I wonder how well you can "bend" sq al stock.. ??


----------



## gus6464 (Dec 19, 2011)

Unless he is going to be using a massive heatsink that's the entire size of the tank he cannot go passive. Wattage is wattage. Nowadays you can get PC fans that are inaudible unless you stand 3 inches next to it. Jeff's solution requires over 300 watts while the cluster one requires considerably less in the 200 range.

You are going to have to make some soft of housing to control light spillage no matter what you do.

You said money doesn't matter so get some Noctua's. Ambient noise is louder than these things.
http://www.newegg.com/Product/Produ...8004&cm_re=noctua_fans-_-35-608-004-_-Product

These are PWM controlled so you can hook them up to a channel on bluefish so they will only spin up at high speed when you are cranking the light.
http://www.newegg.com/Product/Produ...8026&cm_re=noctua_fans-_-35-608-026-_-Product


----------



## Fissure (Jun 29, 2014)

Yeah i have a bunch of noctuas lying around at home. I was planning on getting two large heatsinks made that run the length of the tank. The tank is in the living room and even though the fans don't make any mechanical noise moving air does. And a bunch of noctuas is not very pleasing to the eye to look at either.
Not sure what to do tbh.

Was sketching up the heatsinks and came up with this. Nothing advanced. This way i can also use the flaps I use now so i wont have much light leaking.

Downside is ofc that it will be close to the water surface. And 200W?? of heat is pretty much to expect to leave passively. Have no idea if the heatsinks is large enough to keep the LEDs under 85 degrees C?


----------



## O2surplus (Jan 31, 2010)

Is the Makers heat sink available in Sweden? They're available here in various lengths, so ordering one in a 60" length could be an option. They normally come equipped with 1 fan for every foot, so figure that into the cost. I've got a 72" with 6 fans over my tank and it's whisper quiet. Take a look at this- it may give you some good ideas.
http://www.plantedtank.net/forums/showthread.php?t=603658


----------



## Fissure (Jun 29, 2014)

Will check out your build m8!


----------



## Fissure (Jun 29, 2014)

Looked at your thread and that looks awesome. That is something I think could work for me as well. Wish i had the same skills in the electronics department as you 
I think i will go with Veros like gus said. Looks more solid. Now to the problem of finding a way to hook it up to a 6 ch controller.
The meanwell psus and drivers are just so meh! Is there any other brand that does more powerful stuff?
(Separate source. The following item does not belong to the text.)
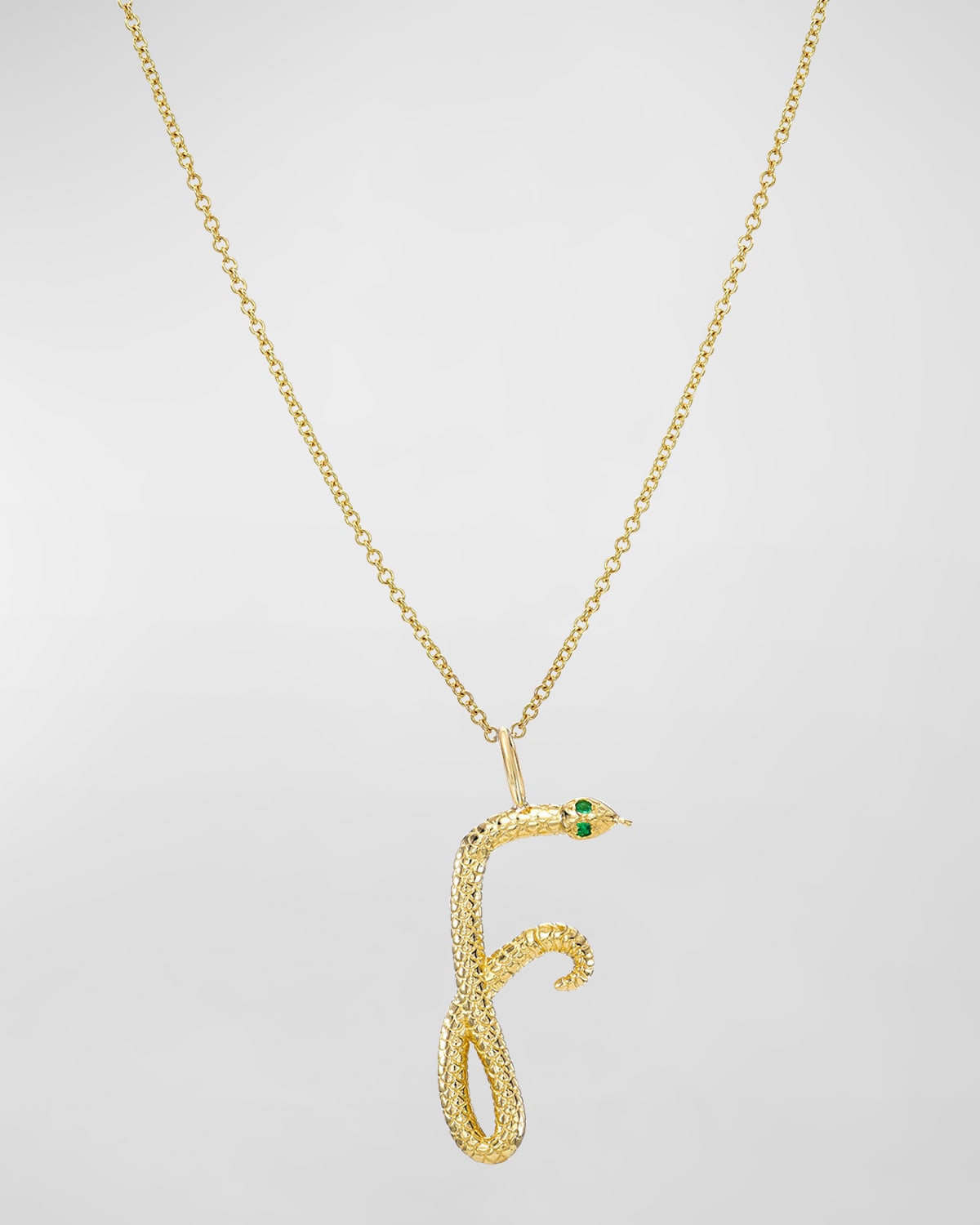 Zoe Lev Jewelry 14K Gold Snake Initial Necklace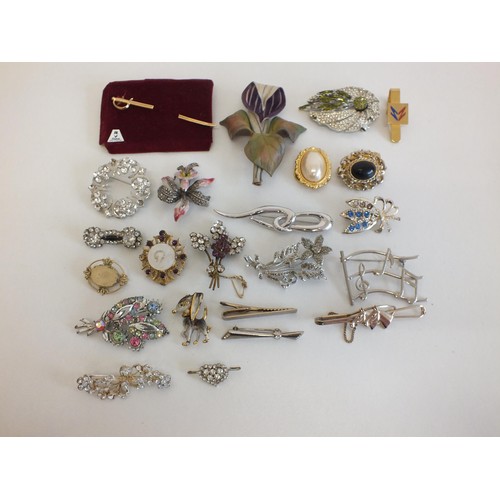 170 - LOT OF ASSORTED JEWELLERY INCLUDING BROOCHES, SCARF CLIP, TIE PINS ETC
Have contacted ledsupply.com to get a price for 2 lengths at 1490mm each. Question is if i really need two lengths? I saw your tank o2surplus and you only have one and that tank is much bigger than mine. Do you get bad backlight on the fish with that setup? The x-ray effect on the fish is not that nice


----------



## O2surplus (Jan 31, 2010)

Fissure said:


> Looked at your thread and that looks awesome. That is something I think could work for me as well. Wish i had the same skills in the electronics department as you
> I think i will go with Veros like gus said. Looks more solid. Now to the problem of finding a way to hook it up to a 6 ch controller.
> The meanwell psus and drivers are just so meh! Is there any other brand that does more powerful stuff?
> 
> Have contacted ledsupply.com to get a price for 2 lengths at 1490mm each. Question is if i really need two lengths? I saw your tank o2surplus and you only have one and that tank is much bigger than mine. Do you get bad backlight on the fish with that setup? The x-ray effect on the fish is not that nice



I've never noticed an "X-ray effect" with my lighting system, but I do have a black back on my tank, so that may be why? I don't think you'll need more than 1 length of heat sink over your tank. Two would be overkill. My "one" barely gets over room temp and that's with 12 Vero 18's.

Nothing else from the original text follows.